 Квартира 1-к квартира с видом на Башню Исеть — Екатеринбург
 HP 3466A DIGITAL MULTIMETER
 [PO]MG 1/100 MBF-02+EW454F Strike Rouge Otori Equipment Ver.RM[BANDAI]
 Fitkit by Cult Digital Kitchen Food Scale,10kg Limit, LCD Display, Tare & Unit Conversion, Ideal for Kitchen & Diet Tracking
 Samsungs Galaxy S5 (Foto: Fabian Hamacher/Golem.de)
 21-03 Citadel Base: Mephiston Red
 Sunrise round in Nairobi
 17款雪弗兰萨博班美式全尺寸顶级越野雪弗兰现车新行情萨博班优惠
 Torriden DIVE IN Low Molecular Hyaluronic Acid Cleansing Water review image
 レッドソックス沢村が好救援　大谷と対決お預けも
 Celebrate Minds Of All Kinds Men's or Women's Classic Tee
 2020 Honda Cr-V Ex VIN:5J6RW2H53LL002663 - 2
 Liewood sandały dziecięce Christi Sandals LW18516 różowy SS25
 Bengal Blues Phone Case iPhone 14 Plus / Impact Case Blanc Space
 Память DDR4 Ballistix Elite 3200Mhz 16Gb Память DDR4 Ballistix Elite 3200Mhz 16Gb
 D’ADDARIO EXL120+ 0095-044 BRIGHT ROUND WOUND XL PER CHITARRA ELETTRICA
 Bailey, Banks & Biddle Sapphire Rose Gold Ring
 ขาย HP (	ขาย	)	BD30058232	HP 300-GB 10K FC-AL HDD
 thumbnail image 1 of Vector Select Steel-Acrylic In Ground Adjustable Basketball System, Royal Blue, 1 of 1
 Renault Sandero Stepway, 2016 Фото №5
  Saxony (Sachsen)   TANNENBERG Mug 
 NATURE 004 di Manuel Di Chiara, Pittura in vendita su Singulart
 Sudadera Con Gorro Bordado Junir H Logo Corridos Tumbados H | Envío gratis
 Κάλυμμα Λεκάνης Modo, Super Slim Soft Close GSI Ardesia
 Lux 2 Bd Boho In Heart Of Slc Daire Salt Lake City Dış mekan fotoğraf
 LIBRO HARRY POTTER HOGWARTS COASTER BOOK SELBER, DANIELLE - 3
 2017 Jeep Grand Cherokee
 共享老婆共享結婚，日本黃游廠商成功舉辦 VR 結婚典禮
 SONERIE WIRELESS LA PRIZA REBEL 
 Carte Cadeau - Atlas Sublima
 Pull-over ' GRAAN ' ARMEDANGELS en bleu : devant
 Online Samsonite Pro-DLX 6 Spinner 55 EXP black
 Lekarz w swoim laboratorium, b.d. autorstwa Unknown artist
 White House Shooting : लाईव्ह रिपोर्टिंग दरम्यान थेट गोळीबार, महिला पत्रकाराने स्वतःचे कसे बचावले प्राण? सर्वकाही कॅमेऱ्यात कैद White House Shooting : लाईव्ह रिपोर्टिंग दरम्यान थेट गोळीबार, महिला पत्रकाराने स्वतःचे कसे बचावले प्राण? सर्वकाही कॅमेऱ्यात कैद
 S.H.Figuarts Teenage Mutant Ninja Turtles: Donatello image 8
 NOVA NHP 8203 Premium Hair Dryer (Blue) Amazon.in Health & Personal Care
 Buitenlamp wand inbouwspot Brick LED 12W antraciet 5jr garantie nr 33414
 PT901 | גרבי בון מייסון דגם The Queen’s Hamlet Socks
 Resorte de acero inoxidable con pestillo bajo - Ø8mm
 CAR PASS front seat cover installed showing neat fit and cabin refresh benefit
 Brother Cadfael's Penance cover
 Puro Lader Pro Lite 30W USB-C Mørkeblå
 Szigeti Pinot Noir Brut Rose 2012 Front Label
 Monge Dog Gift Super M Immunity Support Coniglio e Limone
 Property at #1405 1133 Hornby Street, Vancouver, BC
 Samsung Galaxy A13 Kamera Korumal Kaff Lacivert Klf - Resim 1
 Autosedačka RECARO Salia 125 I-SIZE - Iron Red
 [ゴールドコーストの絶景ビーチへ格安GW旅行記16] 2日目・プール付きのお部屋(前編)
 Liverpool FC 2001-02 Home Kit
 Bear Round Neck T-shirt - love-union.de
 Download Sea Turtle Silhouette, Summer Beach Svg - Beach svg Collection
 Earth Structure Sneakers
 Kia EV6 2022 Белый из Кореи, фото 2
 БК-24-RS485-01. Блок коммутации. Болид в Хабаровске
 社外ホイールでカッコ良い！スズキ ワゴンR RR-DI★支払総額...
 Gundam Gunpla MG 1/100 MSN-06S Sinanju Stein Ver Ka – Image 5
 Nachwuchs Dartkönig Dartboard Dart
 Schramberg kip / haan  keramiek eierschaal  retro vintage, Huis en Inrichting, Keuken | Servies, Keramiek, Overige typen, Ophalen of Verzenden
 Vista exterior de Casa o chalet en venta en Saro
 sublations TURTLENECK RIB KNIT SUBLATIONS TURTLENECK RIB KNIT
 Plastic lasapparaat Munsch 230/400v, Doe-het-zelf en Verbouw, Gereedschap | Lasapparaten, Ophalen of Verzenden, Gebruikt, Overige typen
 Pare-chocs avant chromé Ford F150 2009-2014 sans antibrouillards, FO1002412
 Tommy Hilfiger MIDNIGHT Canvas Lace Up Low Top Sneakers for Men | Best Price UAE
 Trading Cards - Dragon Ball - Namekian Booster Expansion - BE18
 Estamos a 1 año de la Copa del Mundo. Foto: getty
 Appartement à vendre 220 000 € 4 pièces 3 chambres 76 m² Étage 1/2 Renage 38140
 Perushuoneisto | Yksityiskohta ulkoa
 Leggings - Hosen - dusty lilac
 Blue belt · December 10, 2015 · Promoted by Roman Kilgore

:::::

Problem: Word for word, write out every record.

Answer:
 Квартира 1-к квартира с видом на Башню Исеть — Екатеринбург
 HP 3466A DIGITAL MULTIMETER
 [PO]MG 1/100 MBF-02+EW454F Strike Rouge Otori Equipment Ver.RM[BANDAI]
 Fitkit by Cult Digital Kitchen Food Scale,10kg Limit, LCD Display, Tare & Unit Conversion, Ideal for Kitchen & Diet Tracking
 Samsungs Galaxy S5 (Foto: Fabian Hamacher/Golem.de)
 21-03 Citadel Base: Mephiston Red
 Sunrise round in Nairobi
 17款雪弗兰萨博班美式全尺寸顶级越野雪弗兰现车新行情萨博班优惠
 Torriden DIVE IN Low Molecular Hyaluronic Acid Cleansing Water review image
 レッドソックス沢村が好救援　大谷と対決お預けも
 Celebrate Minds Of All Kinds Men's or Women's Classic Tee
 2020 Honda Cr-V Ex VIN:5J6RW2H53LL002663 - 2
 Liewood sandały dziecięce Christi Sandals LW18516 różowy SS25
 Bengal Blues Phone Case iPhone 14 Plus / Impact Case Blanc Space
 Память DDR4 Ballistix Elite 3200Mhz 16Gb Память DDR4 Ballistix Elite 3200Mhz 16Gb
 D’ADDARIO EXL120+ 0095-044 BRIGHT ROUND WOUND XL PER CHITARRA ELETTRICA
 Bailey, Banks & Biddle Sapphire Rose Gold Ring
 ขาย HP (	ขาย	)	BD30058232	HP 300-GB 10K FC-AL HDD
 thumbnail image 1 of Vector Select Steel-Acrylic In Ground Adjustable Basketball System, Royal Blue, 1 of 1
 Renault Sandero Stepway, 2016 Фото №5
  Saxony (Sachsen)   TANNENBERG Mug 
 NATURE 004 di Manuel Di Chiara, Pittura in vendita su Singulart
 Sudadera Con Gorro Bordado Junir H Logo Corridos Tumbados H | Envío gratis
 Κάλυμμα Λεκάνης Modo, Super Slim Soft Close GSI Ardesia
 Lux 2 Bd Boho In Heart Of Slc Daire Salt Lake City Dış mekan fotoğraf
 LIBRO HARRY POTTER HOGWARTS COASTER BOOK SELBER, DANIELLE - 3
 2017 Jeep Grand Cherokee
 共享老婆共享結婚，日本黃游廠商成功舉辦 VR 結婚典禮
 SONERIE WIRELESS LA PRIZA REBEL 
 Carte Cadeau - Atlas Sublima
 Pull-over ' GRAAN ' ARMEDANGELS en bleu : devant
 Online Samsonite Pro-DLX 6 Spinner 55 EXP black
 Lekarz w swoim laboratorium, b.d. autorstwa Unknown artist
 White House Shooting : लाईव्ह रिपोर्टिंग दरम्यान थेट गोळीबार, महिला पत्रकाराने स्वतःचे कसे बचावले प्राण? सर्वकाही कॅमेऱ्यात कैद White House Shooting : लाईव्ह रिपोर्टिंग दरम्यान थेट गोळीबार, महिला पत्रकाराने स्वतःचे कसे बचावले प्राण? सर्वकाही कॅमेऱ्यात कैद
 S.H.Figuarts Teenage Mutant Ninja Turtles: Donatello image 8
 NOVA NHP 8203 Premium Hair Dryer (Blue) Amazon.in Health & Personal Care
 Buitenlamp wand inbouwspot Brick LED 12W antraciet 5jr garantie nr 33414
 PT901 | גרבי בון מייסון דגם The Queen’s Hamlet Socks
 Resorte de acero inoxidable con pestillo bajo - Ø8mm
 CAR PASS front seat cover installed showing neat fit and cabin refresh benefit
 Brother Cadfael's Penance cover
 Puro Lader Pro Lite 30W USB-C Mørkeblå
 Szigeti Pinot Noir Brut Rose 2012 Front Label
 Monge Dog Gift Super M Immunity Support Coniglio e Limone
 Property at #1405 1133 Hornby Street, Vancouver, BC
 Samsung Galaxy A13 Kamera Korumal Kaff Lacivert Klf - Resim 1
 Autosedačka RECARO Salia 125 I-SIZE - Iron Red
 [ゴールドコーストの絶景ビーチへ格安GW旅行記16] 2日目・プール付きのお部屋(前編)
 Liverpool FC 2001-02 Home Kit
 Bear Round Neck T-shirt - love-union.de
 Download Sea Turtle Silhouette, Summer Beach Svg - Beach svg Collection
 Earth Structure Sneakers
 Kia EV6 2022 Белый из Кореи, фото 2
 БК-24-RS485-01. Блок коммутации. Болид в Хабаровске
 社外ホイールでカッコ良い！スズキ ワゴンR RR-DI★支払総額...
 Gundam Gunpla MG 1/100 MSN-06S Sinanju Stein Ver Ka – Image 5
 Nachwuchs Dartkönig Dartboard Dart
 Schramberg kip / haan  keramiek eierschaal  retro vintage, Huis en Inrichting, Keuken | Servies, Keramiek, Overige typen, Ophalen of Verzenden
 Vista exterior de Casa o chalet en venta en Saro
 sublations TURTLENECK RIB KNIT SUBLATIONS TURTLENECK RIB KNIT
 Plastic lasapparaat Munsch 230/400v, Doe-het-zelf en Verbouw, Gereedschap | Lasapparaten, Ophalen of Verzenden, Gebruikt, Overige typen
 Pare-chocs avant chromé Ford F150 2009-2014 sans antibrouillards, FO1002412
 Tommy Hilfiger MIDNIGHT Canvas Lace Up Low Top Sneakers for Men | Best Price UAE
 Trading Cards - Dragon Ball - Namekian Booster Expansion - BE18
 Estamos a 1 año de la Copa del Mundo. Foto: getty
 Appartement à vendre 220 000 € 4 pièces 3 chambres 76 m² Étage 1/2 Renage 38140
 Perushuoneisto | Yksityiskohta ulkoa
 Leggings - Hosen - dusty lilac
 Blue belt · December 10, 2015 · Promoted by Roman Kilgore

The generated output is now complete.